§ **AIM OF THE TASK**: Exclude the pictures and set down, unaltered, the lines from the one that holds "Dusty Rose Kashmiri" through the end of the data.

§ **GIVEN DATA**:
• • • • • • •

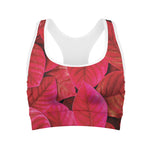 Red Leaf Print Women's Sports Bra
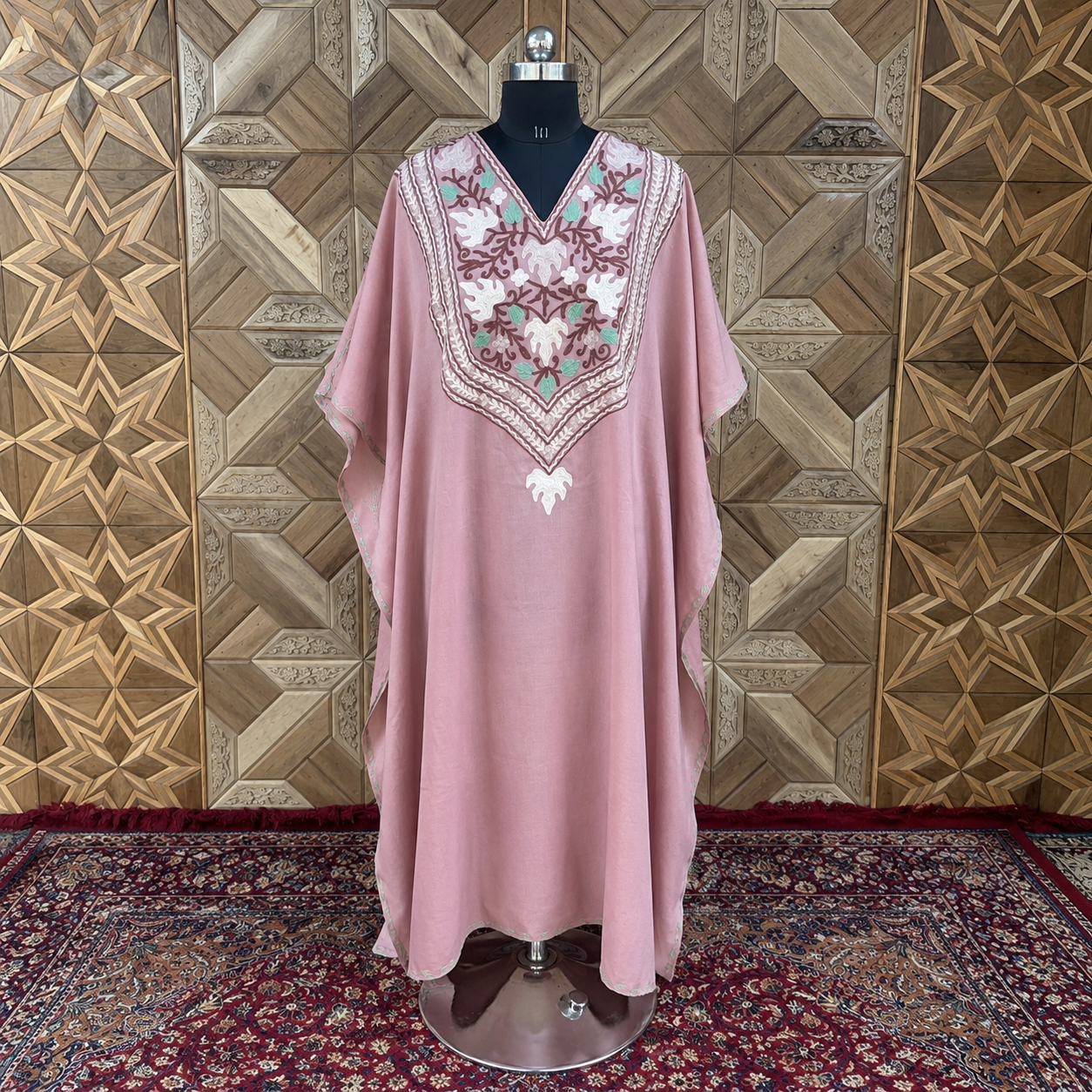 Dusty Rose Kashmiri Aari Embroidered Summer Cool Cotton Long Kaftan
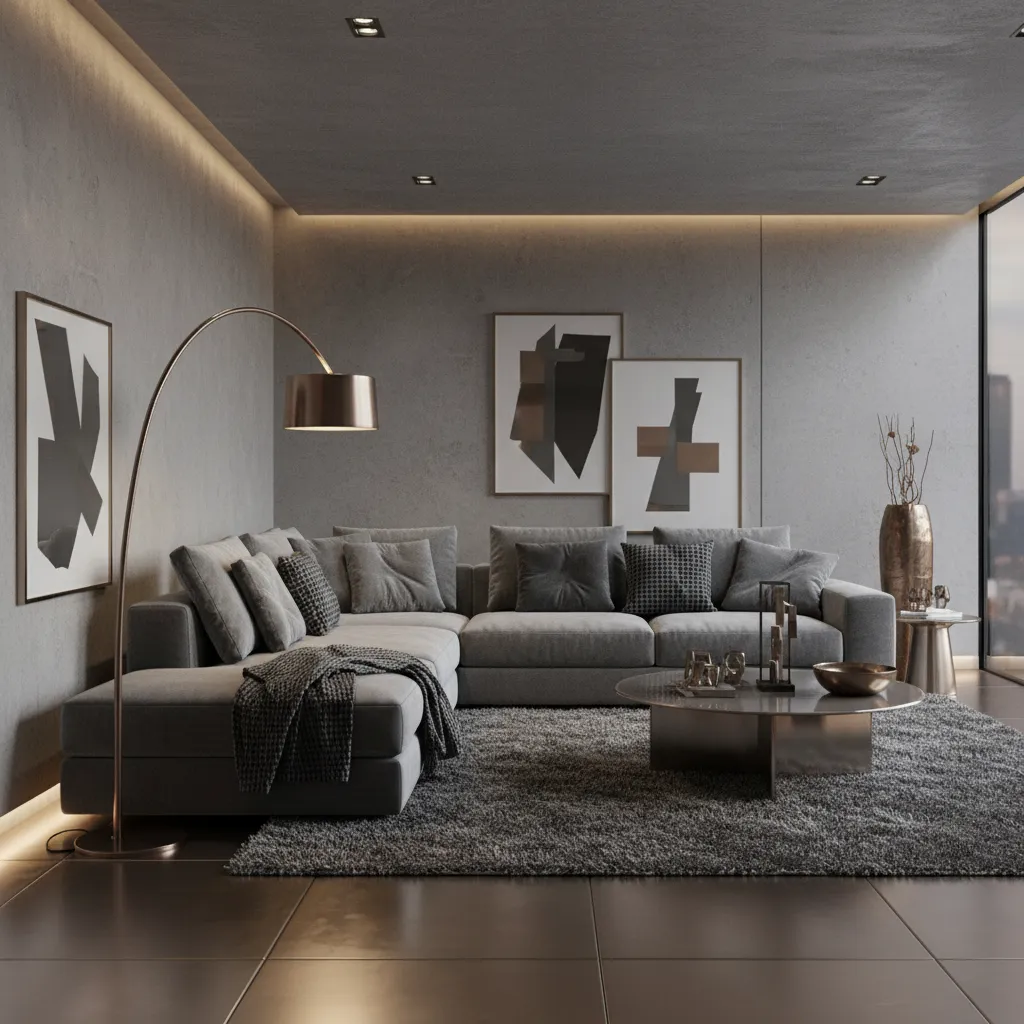 Bronze floor lamp and decor accents highlighting grey living room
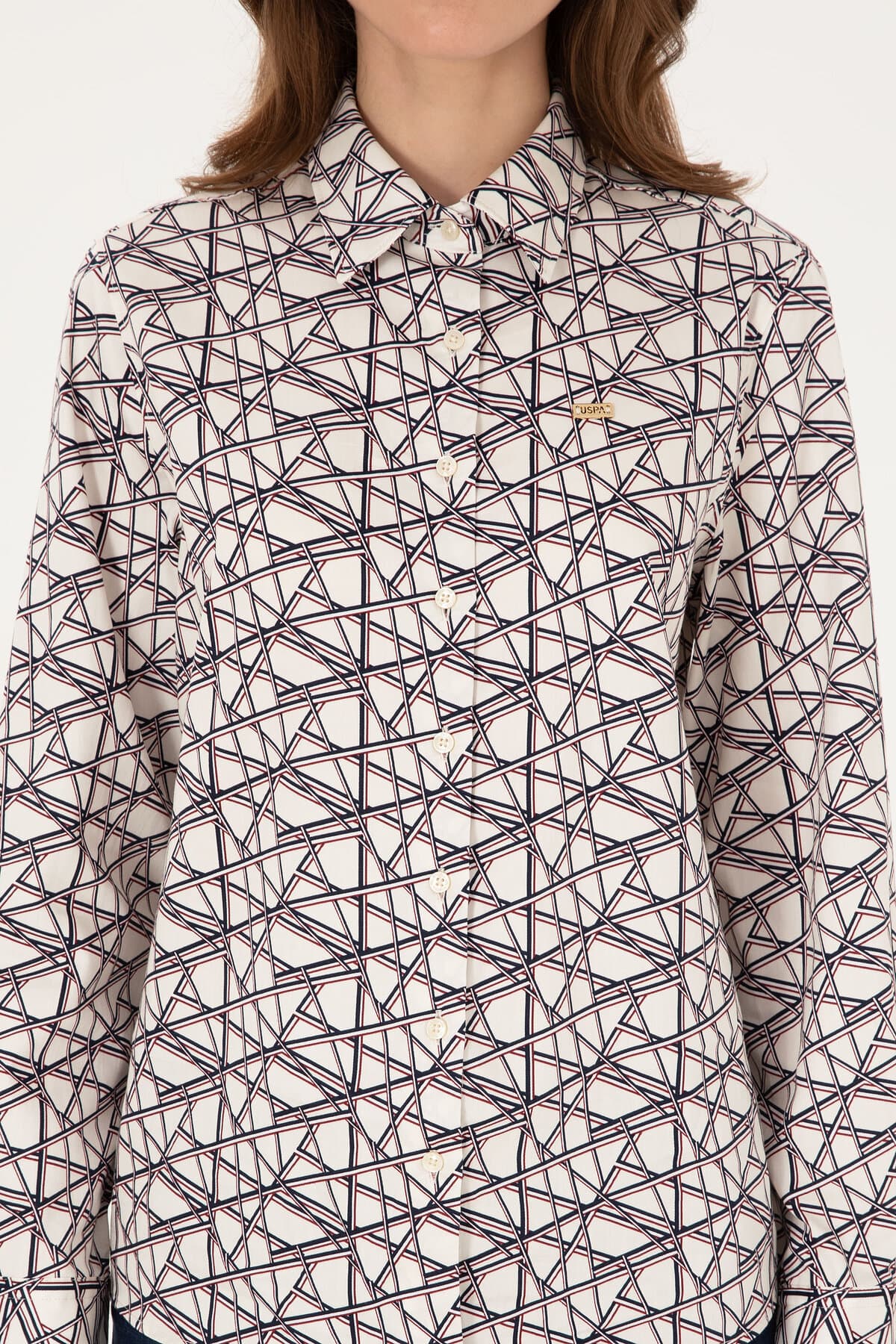 پیراهن زنانه U.S. Polo Assn. کرم آستین بلند مدل 50316376-VR256 پیراهن زنانه U.S. Polo Assn. کرم آستین بلند مدل 50316376-VR256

• • • • • • •

§ **RESULT FOR THIS EXERCISE**:
 Dusty Rose Kashmiri Aari Embroidered Summer Cool Cotton Long Kaftan
 Bronze floor lamp and decor accents highlighting grey living room
 پیراهن زنانه U.S. Polo Assn. کرم آستین بلند مدل 50316376-VR256 پیراهن زنانه U.S. Polo Assn. کرم آستین بلند مدل 50316376-VR256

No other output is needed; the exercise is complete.